● **EXERCISE GOAL**
Print out the full material below, exact in every line, with no images included.
━━━━━ DATA SECTION ━━━━━
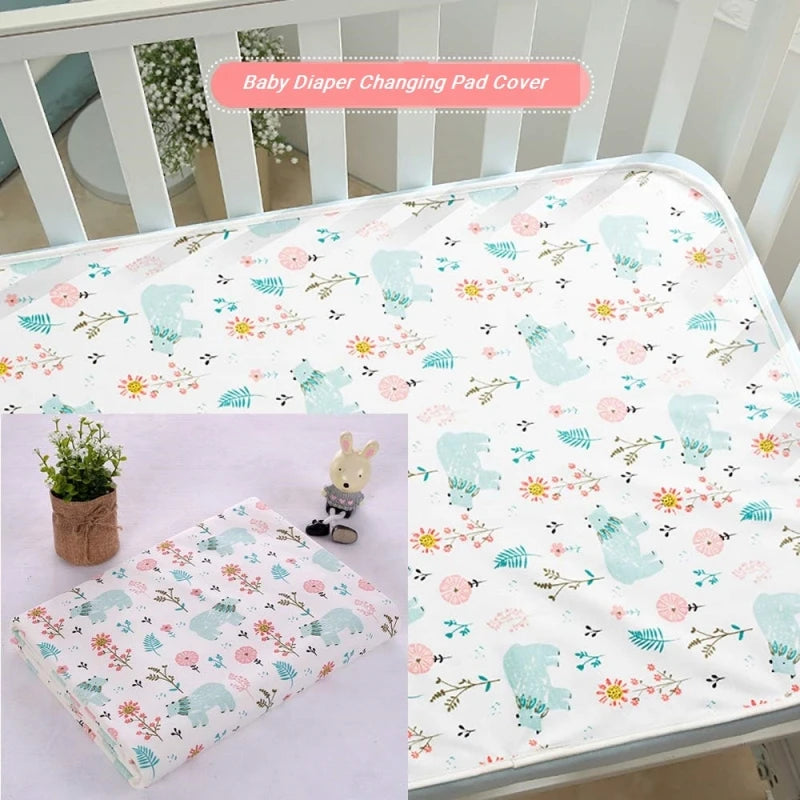 coussin change bébé blanc motif animalier waterproof moderne taille 70x90cm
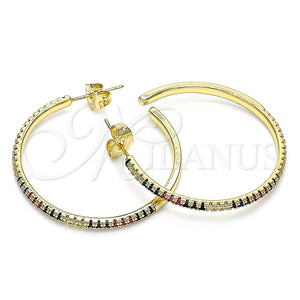 Gold Filled Ring — Stud Earring with Multicolor Micro Pave Polished 02. — main product view — SKU 141742 | Oro Laminado anillo — Stud Earring with Multicolor Micro Pave pulido 02. — SKU 141742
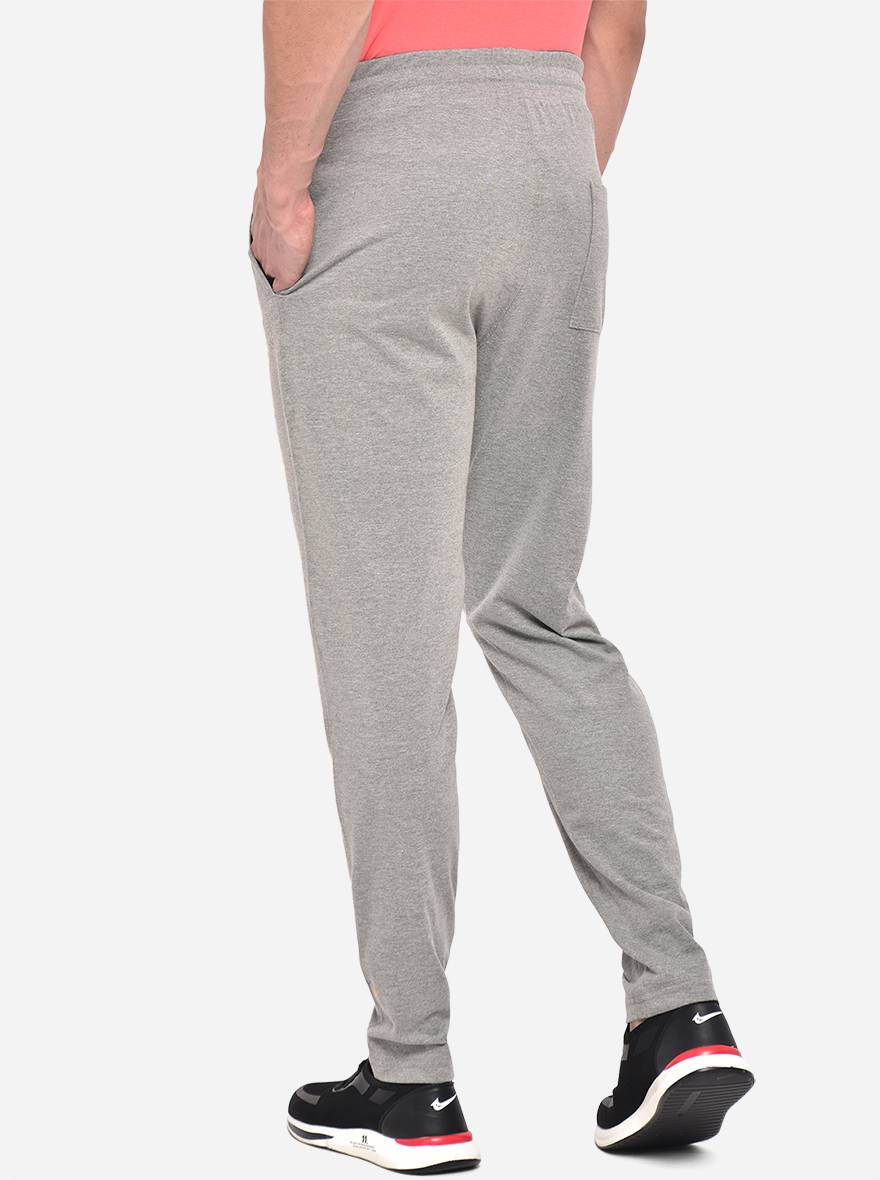 Grey Melange Solid Regular Fit Track Pant | Greenfibre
━━━━━
● **EXERCISE ANSWER**
 coussin change bébé blanc motif animalier waterproof moderne taille 70x90cm
 Gold Filled Ring — Stud Earring with Multicolor Micro Pave Polished 02. — main product view — SKU 141742 | Oro Laminado anillo — Stud Earring with Multicolor Micro Pave pulido 02. — SKU 141742
 Grey Melange Solid Regular Fit Track Pant | Greenfibre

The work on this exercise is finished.